START Data for review

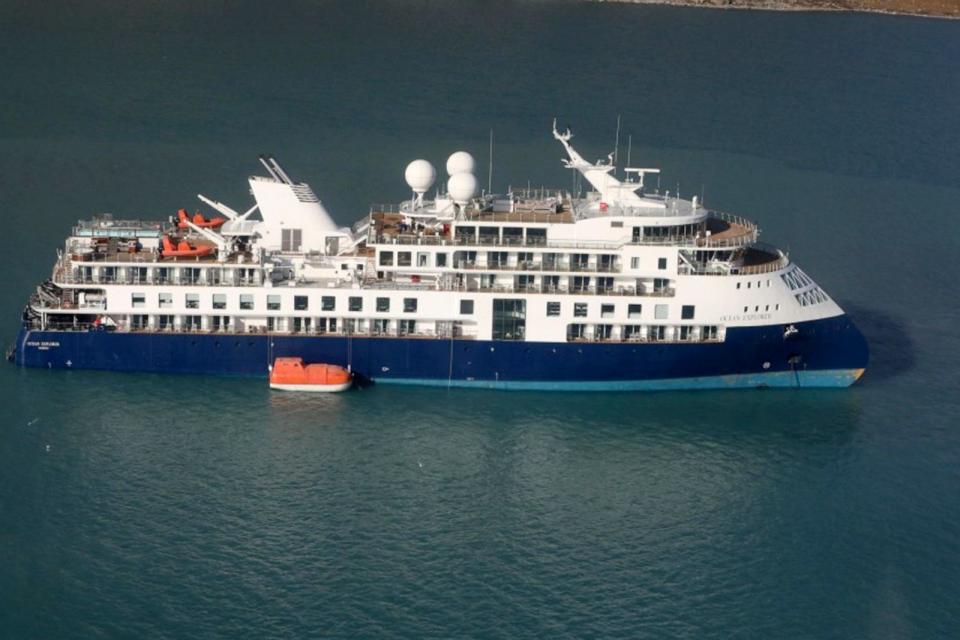 PHOTO: An aerial photo shows the Ocean Explorer, a Bahamas-flagged Norwegian cruise ship with 206 passengers and crew, which has run aground in northwestern Greenland, on Tuesday, Sept. 12, 2023. (AP)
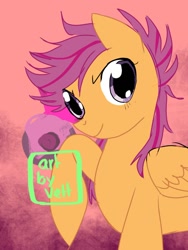 Size: 1024x1365 | Tagged: safe, artist:carranzis, derpibooru import, scootaloo, pegasus, pony, dialogue, female, filly, solo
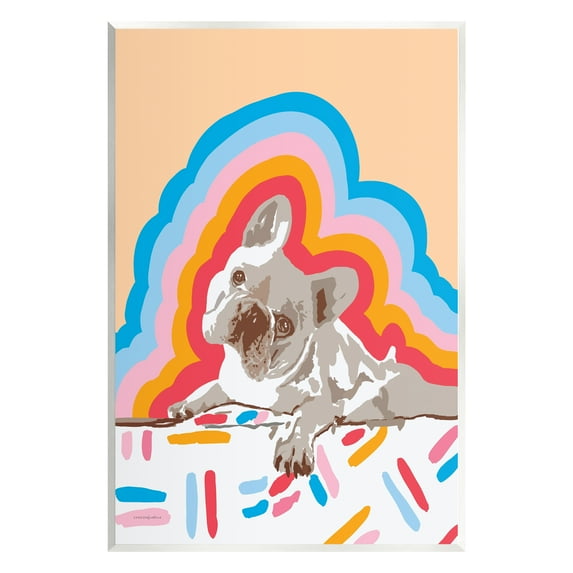 Stupell Industries Retro French Bulldog Abstraction Animals & Insects Painting Unframed Art Print Wall Art, 13 x 19
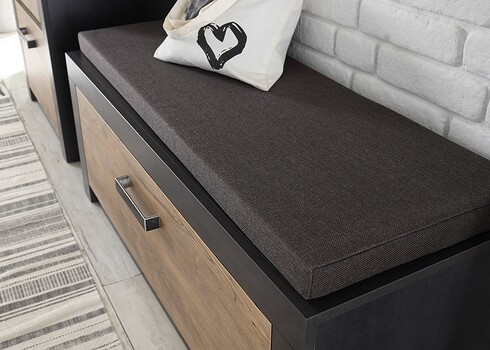 Esikukapp istumispadjaga BRÜGGE kastan / hall, 107x42xH43 cm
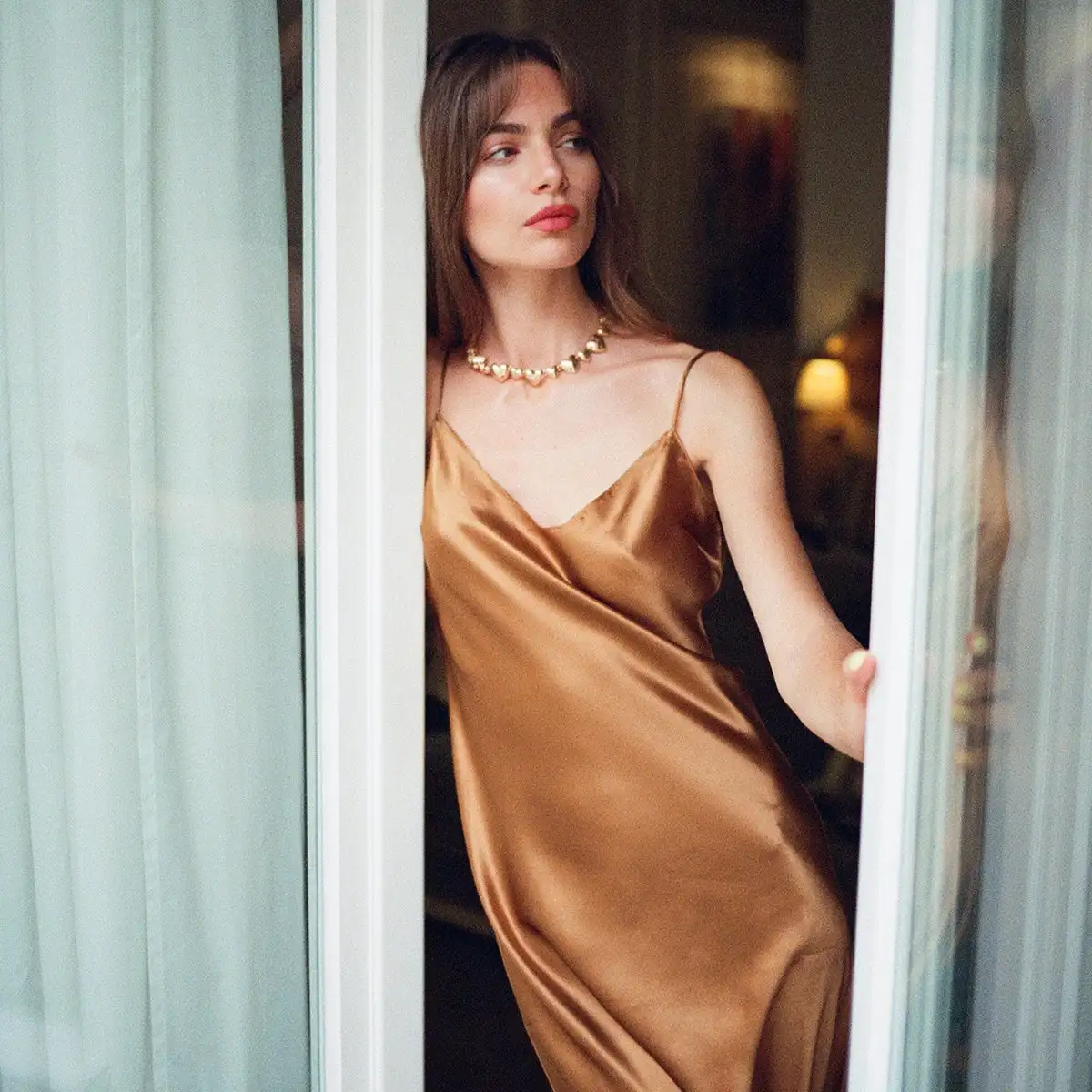 OEM ODM 2023 New Arrivals Women Unlined V neck Dress Fashion  Silk acetate  Silk satin halter dress for women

END Data for review

**Exercise:** Beginning with the line that has "Stupell Industries Retro", repeat each remaining line of the data above word for word, keeping pictures out.

**Written answer:**
 Stupell Industries Retro French Bulldog Abstraction Animals & Insects Painting Unframed Art Print Wall Art, 13 x 19
 Esikukapp istumispadjaga BRÜGGE kastan / hall, 107x42xH43 cm
 OEM ODM 2023 New Arrivals Women Unlined V neck Dress Fashion  Silk acetate  Silk satin halter dress for women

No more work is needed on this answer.